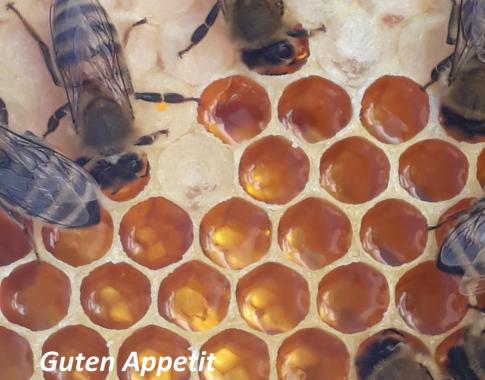 Bienen auf einer Honigwabe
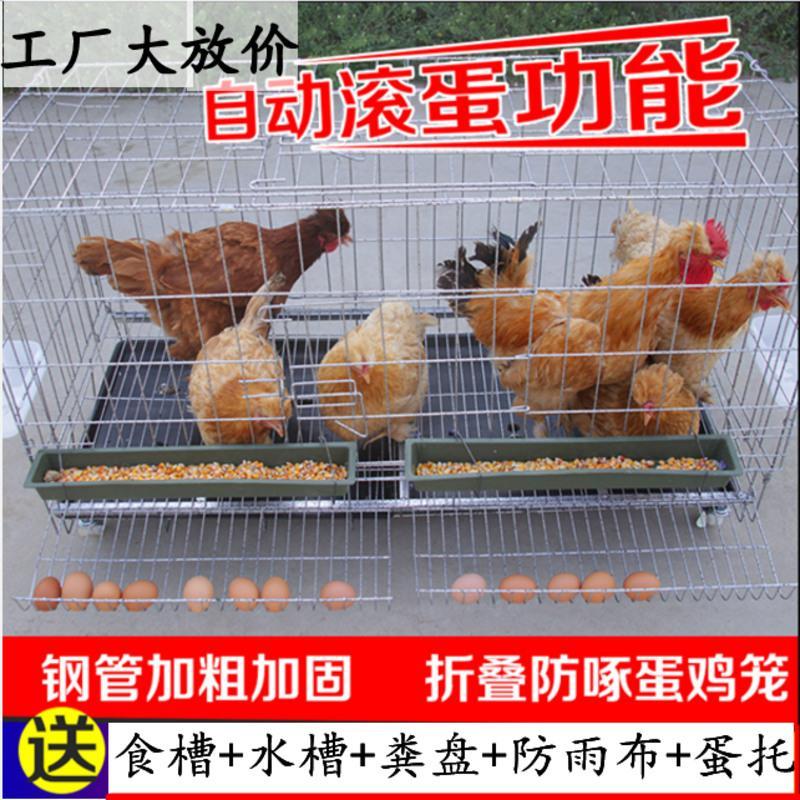 加粗70号X50X60[无轮] 无蛋托款[含食槽水槽脚垫粪盘] 鸡笼子田鸡笼加粗鸡笼网自动下蛋铁鸡舍特大号养殖笼家用折叠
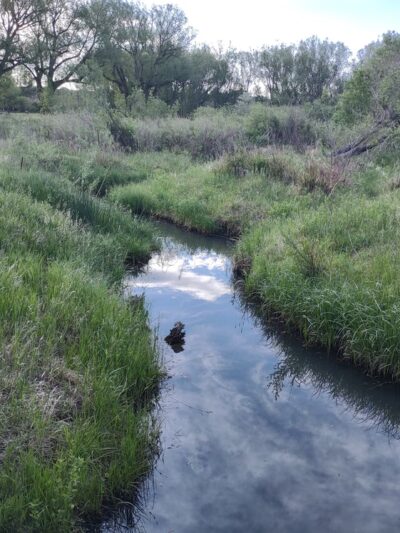 Dirty Woman Park - Monument, CO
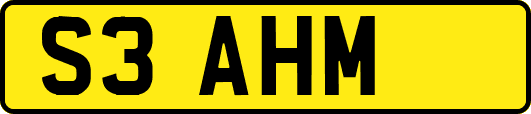 S3AHM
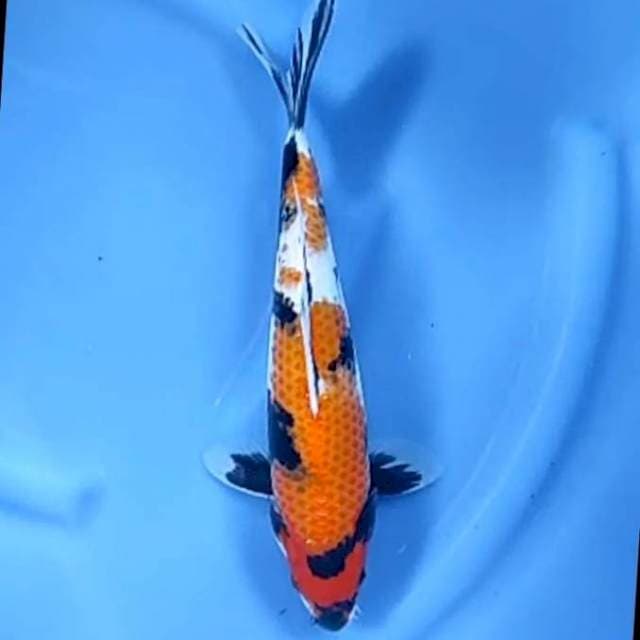 5. Showa Motogoro || 32 cm || Jantan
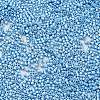Baking Paint Glass Seed Beads X-SEED-S042-15B-28-3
■ ■ ■
> _TASK ITEM_: Set down every line above exactly, pictures excluded.

> _EXERCISE ANSWER_:
 Bienen auf einer Honigwabe
 加粗70号X50X60[无轮] 无蛋托款[含食槽水槽脚垫粪盘] 鸡笼子田鸡笼加粗鸡笼网自动下蛋铁鸡舍特大号养殖笼家用折叠
 Dirty Woman Park - Monument, CO
 S3AHM
 5. Showa Motogoro || 32 cm || Jantan
Baking Paint Glass Seed Beads X-SEED-S042-15B-28-3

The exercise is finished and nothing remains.